Learn English – “I leaked nothing to nobody.” – SAE? AAVE? Deliberate double negative

african-american-vernacular-englishdouble-negationnegation

"I leaked nothing to nobody" (around 3:42 in the video)

Is the sentence above from Susan Rice grammatically correct in standard American English (SAE)? Seems like it should be:

I leaked nothing to anybody/anyone.

If not SAE, is it maybe African American Vernacular English (AAVE)?

If not AAVE, would the double negative make it a positive? Maybe weasel wording or understatement (litotes)?

Best Answer

It's not a dialect thing, it is grammatical standard English.

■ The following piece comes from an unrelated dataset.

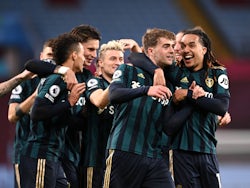 Patrick Bamford celebrates with teammates after scoring for Leeds United against Aston Villa in the Premier League on October 23, 2020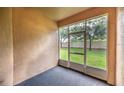 Enclosed patio with screen windows and a view of the manicured backyard and lush green lawn at 12820 Belvedere Song Way, Riverview, FL 33578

The "double negative" rule applies to situations where you have two possible negation strategies, one being a negated auxiliary verb + a negative polarity item; the second being a content word with negative meaning.

(1) I have not leaked anything. [Negated auxiliary + NPI (anything)]
(2) I have leaked nothing. [Content word with negative meaning (nothing)]

The rule is that you can't use both strategies at the same time. Also, related is that using an NPI like anything or at all can't be used with a non-negated main verb:

*I have not leaked nothing.
*I have leaked anything.

Rice uses strategy (2), instead of strategy (1) (which would have been I didn't leak anything to anybody.). This is a more direct way of speaking and is well suited to the spoken medium.